*** Opening of Data for review ***

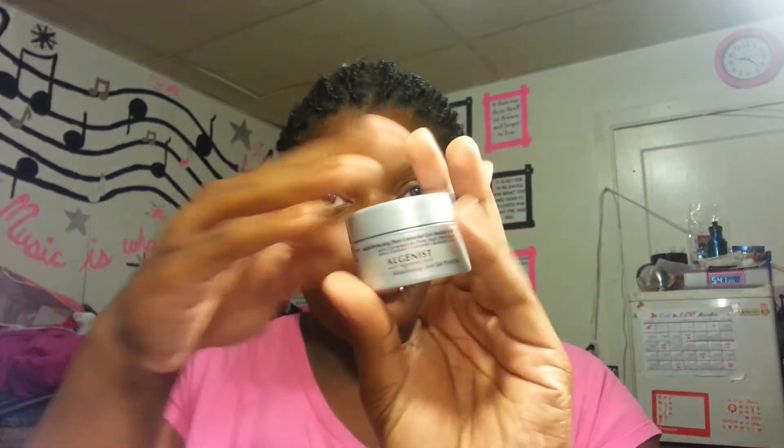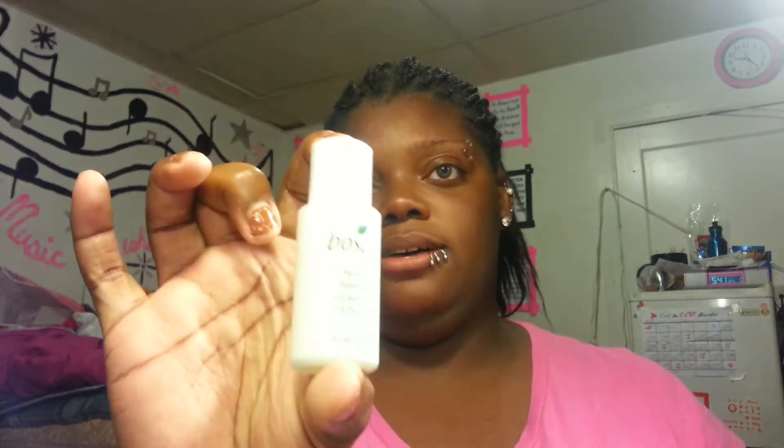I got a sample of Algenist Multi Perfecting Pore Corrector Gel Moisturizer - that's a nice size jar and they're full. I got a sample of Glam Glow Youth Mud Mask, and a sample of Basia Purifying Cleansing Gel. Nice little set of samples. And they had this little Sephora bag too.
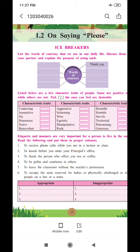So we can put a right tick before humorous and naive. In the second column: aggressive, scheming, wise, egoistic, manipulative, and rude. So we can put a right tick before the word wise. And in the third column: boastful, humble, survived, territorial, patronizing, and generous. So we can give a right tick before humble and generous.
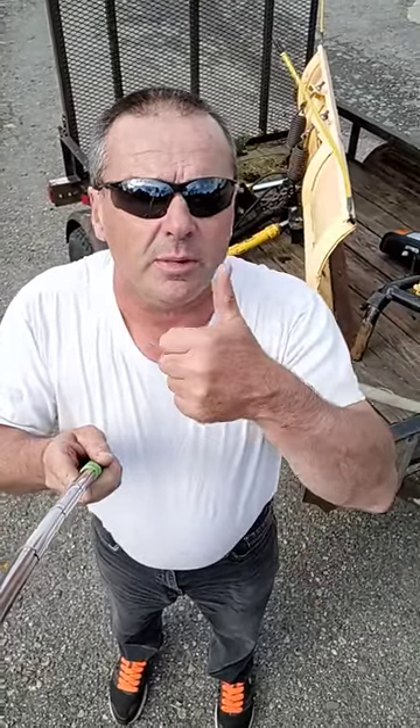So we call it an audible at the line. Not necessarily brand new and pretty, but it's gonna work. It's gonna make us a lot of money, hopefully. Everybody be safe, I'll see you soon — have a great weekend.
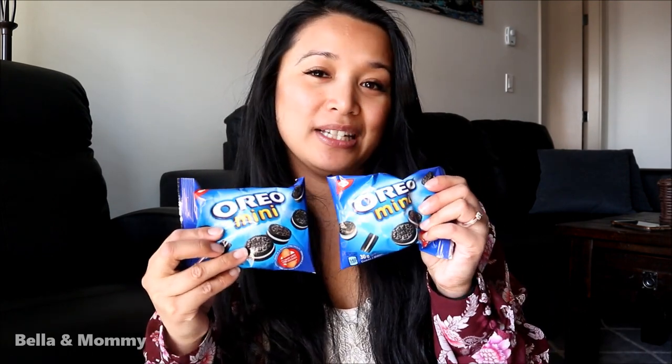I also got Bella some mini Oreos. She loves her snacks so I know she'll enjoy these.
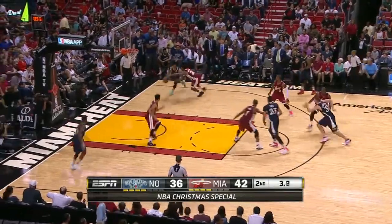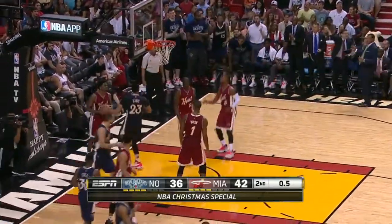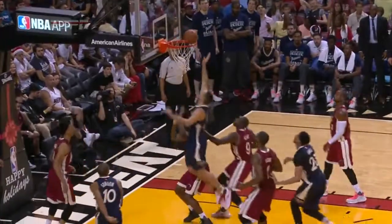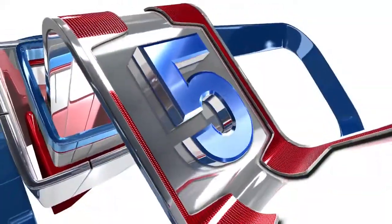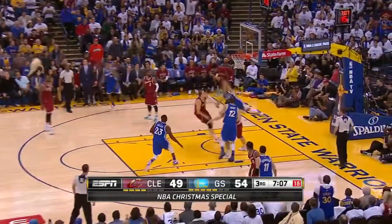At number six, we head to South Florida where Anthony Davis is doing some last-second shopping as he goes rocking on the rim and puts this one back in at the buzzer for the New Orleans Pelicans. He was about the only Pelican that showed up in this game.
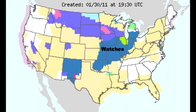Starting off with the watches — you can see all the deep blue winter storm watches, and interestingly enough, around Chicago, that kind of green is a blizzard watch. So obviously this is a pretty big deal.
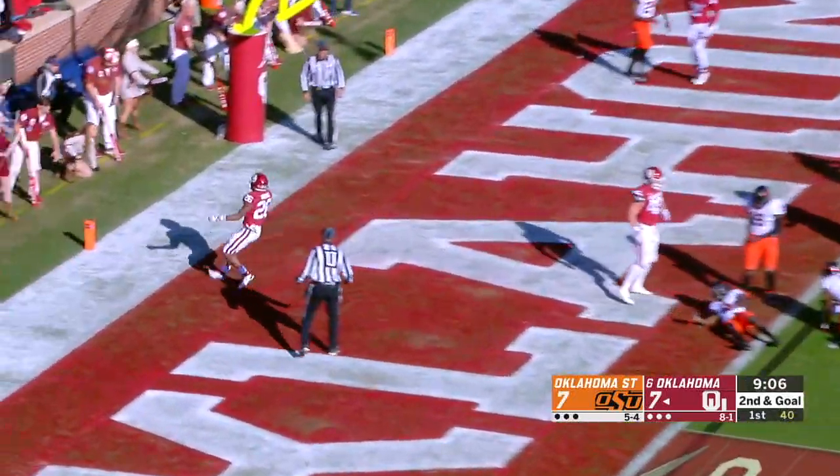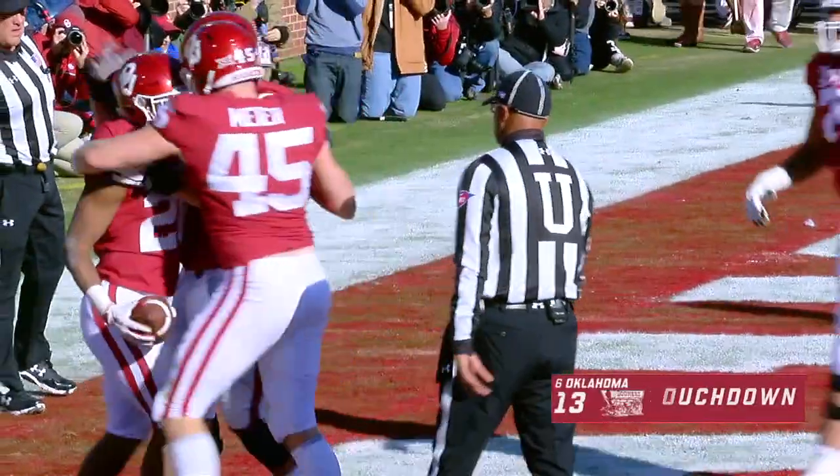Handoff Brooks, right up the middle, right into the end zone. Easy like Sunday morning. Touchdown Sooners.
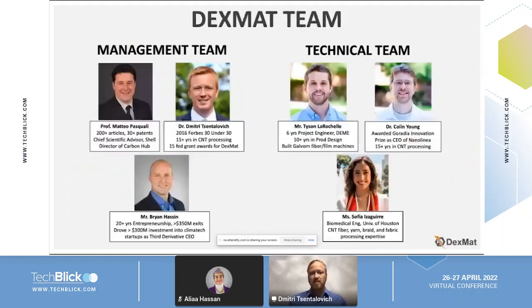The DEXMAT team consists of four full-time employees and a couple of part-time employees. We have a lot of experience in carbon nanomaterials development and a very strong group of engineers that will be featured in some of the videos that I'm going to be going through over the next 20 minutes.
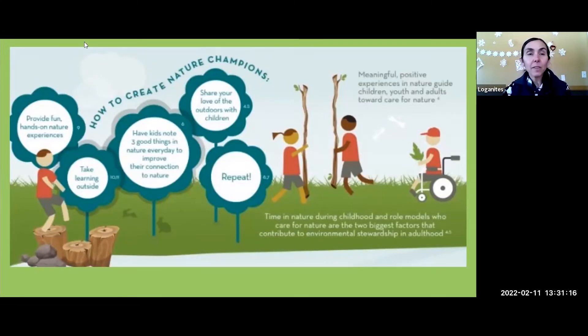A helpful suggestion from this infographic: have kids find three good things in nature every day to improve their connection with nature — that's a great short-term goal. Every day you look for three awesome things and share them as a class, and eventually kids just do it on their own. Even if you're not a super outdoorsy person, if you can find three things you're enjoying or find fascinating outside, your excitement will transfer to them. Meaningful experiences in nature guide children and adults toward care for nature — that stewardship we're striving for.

*** Close of Data for review ***
*** Opening of Data for review ***

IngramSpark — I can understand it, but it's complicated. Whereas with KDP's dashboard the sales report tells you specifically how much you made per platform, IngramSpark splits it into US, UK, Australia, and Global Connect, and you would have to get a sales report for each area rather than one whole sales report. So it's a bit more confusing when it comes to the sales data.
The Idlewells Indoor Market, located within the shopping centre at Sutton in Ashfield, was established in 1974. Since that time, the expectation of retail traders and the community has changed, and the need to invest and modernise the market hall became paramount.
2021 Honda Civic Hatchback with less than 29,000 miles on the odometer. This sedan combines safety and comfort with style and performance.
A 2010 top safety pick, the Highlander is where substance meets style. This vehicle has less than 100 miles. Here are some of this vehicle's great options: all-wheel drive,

*** Close of Data for review ***
*** Opening of Data for review ***

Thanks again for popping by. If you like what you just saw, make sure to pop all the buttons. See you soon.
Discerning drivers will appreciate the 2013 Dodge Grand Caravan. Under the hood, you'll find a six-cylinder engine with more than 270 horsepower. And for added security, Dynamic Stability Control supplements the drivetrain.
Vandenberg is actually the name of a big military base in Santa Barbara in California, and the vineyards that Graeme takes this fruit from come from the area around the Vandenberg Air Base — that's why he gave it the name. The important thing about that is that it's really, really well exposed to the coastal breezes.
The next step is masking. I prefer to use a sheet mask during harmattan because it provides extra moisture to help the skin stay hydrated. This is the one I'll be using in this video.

*** Close of Data for review ***

**What is being asked**
Using the entries above, reproduce word for word only the lines from the one that contains "I got a sample of Algenist" to the one that contains "The DEXMAT team", both ends included, and drop every picture.

**Task solution**
I got a sample of Algenist Multi Perfecting Pore Corrector Gel Moisturizer - that's a nice size jar and they're full. I got a sample of Glam Glow Youth Mud Mask, and a sample of Basia Purifying Cleansing Gel. Nice little set of samples. And they had this little Sephora bag too.
So we can put a right tick before humorous and naive. In the second column: aggressive, scheming, wise, egoistic, manipulative, and rude. So we can put a right tick before the word wise. And in the third column: boastful, humble, survived, territorial, patronizing, and generous. So we can give a right tick before humble and generous.
So we call it an audible at the line. Not necessarily brand new and pretty, but it's gonna work. It's gonna make us a lot of money, hopefully. Everybody be safe, I'll see you soon — have a great weekend.
I also got Bella some mini Oreos. She loves her snacks so I know she'll enjoy these.
At number six, we head to South Florida where Anthony Davis is doing some last-second shopping as he goes rocking on the rim and puts this one back in at the buzzer for the New Orleans Pelicans. He was about the only Pelican that showed up in this game.
Starting off with the watches — you can see all the deep blue winter storm watches, and interestingly enough, around Chicago, that kind of green is a blizzard watch. So obviously this is a pretty big deal.
Handoff Brooks, right up the middle, right into the end zone. Easy like Sunday morning. Touchdown Sooners.
The DEXMAT team consists of four full-time employees and a couple of part-time employees. We have a lot of experience in carbon nanomaterials development and a very strong group of engineers that will be featured in some of the videos that I'm going to be going through over the next 20 minutes.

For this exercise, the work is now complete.